I updated my Google password to something much harder to brute force, so now I have to look it up on my phones’ password manager so I can login. There is an option to unlock when my phone is near, but I still need to type it in the first time it boots to login.
Is Google forcing people to use easy passwords?
Is there someway to login to ChromeOS using a phone or some other extension? Typing in the complex password is a pain so I find myself just not using the ChromeOS partition.
I am dual booting ChromeOS and GalliumOS on the Chromebook, so I just can’t stay logged in since I use the Linux partition mainly.
No help to offer, but thank you! I had a Chromebook a couple weeks ago for a few days and I changed my Google password to something ‘not so strong’ for the reasons you stated…you reminded me to change it back to something complex
Perhaps you can use LastPass… it should be able to fill the password for you, assuming you are using Android - I say that because I don’t know how well it works on iOS.
That will not work prior to log in on a Chromebook. He is talking about the log in password (to log into the computer). It is the same password as his google password.

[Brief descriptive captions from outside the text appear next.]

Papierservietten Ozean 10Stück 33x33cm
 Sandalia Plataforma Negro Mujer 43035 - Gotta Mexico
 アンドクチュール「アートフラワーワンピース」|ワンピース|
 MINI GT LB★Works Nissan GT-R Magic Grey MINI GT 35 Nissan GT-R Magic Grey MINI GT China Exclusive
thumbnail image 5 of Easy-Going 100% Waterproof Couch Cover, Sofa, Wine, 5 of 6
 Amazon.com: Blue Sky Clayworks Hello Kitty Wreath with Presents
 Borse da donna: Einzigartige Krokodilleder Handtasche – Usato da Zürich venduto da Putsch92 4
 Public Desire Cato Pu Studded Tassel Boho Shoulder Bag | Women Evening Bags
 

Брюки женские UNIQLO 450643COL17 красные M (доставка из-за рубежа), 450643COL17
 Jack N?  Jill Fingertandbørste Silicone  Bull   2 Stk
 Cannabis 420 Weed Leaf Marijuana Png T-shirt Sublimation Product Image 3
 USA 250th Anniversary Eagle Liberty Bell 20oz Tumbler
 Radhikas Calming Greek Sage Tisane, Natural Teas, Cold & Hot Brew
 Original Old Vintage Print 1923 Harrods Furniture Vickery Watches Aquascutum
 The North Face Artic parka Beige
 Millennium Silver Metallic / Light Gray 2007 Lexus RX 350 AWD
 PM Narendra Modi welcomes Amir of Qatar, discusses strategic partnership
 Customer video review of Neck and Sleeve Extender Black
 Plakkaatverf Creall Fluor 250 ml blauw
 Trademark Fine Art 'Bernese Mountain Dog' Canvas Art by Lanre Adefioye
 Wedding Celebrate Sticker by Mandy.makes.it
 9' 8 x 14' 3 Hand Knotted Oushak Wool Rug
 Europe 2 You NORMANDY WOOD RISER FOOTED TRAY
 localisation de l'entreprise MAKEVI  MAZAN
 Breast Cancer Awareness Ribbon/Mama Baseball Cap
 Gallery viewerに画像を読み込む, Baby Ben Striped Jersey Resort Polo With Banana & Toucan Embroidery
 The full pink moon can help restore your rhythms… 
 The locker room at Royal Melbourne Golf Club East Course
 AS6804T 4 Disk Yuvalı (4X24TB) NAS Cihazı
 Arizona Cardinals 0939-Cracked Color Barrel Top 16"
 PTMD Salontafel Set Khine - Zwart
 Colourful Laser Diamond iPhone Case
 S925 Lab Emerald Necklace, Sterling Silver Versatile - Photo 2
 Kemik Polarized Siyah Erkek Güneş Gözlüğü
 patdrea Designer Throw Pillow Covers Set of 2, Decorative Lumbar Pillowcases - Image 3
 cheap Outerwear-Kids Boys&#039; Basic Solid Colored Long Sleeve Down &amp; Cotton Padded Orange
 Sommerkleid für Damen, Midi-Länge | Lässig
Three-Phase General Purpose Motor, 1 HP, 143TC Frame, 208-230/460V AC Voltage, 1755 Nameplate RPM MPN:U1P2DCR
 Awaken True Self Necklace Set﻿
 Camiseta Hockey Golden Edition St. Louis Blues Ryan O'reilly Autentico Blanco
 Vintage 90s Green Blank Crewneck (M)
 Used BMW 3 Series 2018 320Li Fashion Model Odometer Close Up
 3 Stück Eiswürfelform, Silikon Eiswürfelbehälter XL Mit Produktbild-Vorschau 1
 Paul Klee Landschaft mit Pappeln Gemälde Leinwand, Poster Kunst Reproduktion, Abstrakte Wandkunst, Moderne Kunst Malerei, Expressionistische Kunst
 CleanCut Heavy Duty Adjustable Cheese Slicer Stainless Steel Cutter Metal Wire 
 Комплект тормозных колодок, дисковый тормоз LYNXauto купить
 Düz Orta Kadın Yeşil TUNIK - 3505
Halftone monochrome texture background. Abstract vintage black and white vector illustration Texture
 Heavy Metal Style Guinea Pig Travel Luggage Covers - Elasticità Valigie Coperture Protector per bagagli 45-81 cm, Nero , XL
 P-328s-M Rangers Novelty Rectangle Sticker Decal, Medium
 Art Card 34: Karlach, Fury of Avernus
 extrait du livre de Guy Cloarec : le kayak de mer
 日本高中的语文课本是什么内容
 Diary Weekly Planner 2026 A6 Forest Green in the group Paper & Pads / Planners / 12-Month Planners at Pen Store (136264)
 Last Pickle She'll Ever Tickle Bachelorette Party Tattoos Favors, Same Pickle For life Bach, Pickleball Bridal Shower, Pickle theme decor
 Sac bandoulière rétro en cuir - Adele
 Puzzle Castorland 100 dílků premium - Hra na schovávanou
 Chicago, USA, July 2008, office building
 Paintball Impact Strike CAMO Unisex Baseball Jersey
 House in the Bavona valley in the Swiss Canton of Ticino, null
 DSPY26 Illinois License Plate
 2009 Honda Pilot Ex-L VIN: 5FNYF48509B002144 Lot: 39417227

You could always change your password to a long phrase with a sentence that only you would know. Or a short sentence repeated like: anothertwitisinthecan.anothertwitisinthecan2B
He mentioned the phone unlock feature. But according to him above, you still have to type the password when you first turn it on. After that, if you just log out, the phone unlock thing works.
I never use the phone unlock because I do not want my son to be able to unlock my computer just by putting the phone next to the computer. So, I have never tried that feature to confirm if it works that way.
Well I would say PIN unlock might be the way to go then. Even Windows 10 has that and I find it very useful. My work enforces password changes every two months, but the PIN stays the same and I can remember the long PIN
The first link I shared seems to suggest it does, activated using Chrome flags. I don’t know how old the article is. I don’t actually have a Chromebook (decent Chromebooks are lacking in Australia) so can’t say if it works or not.
Yes, you are correct - I was on a phone earlier when I replied. I see it now. I was not familiar with that, since I have never been interested in using a PIN… Learn something new every day. I am keeping the password log in, personally. But yes, maybe that will solve his issue. Good job.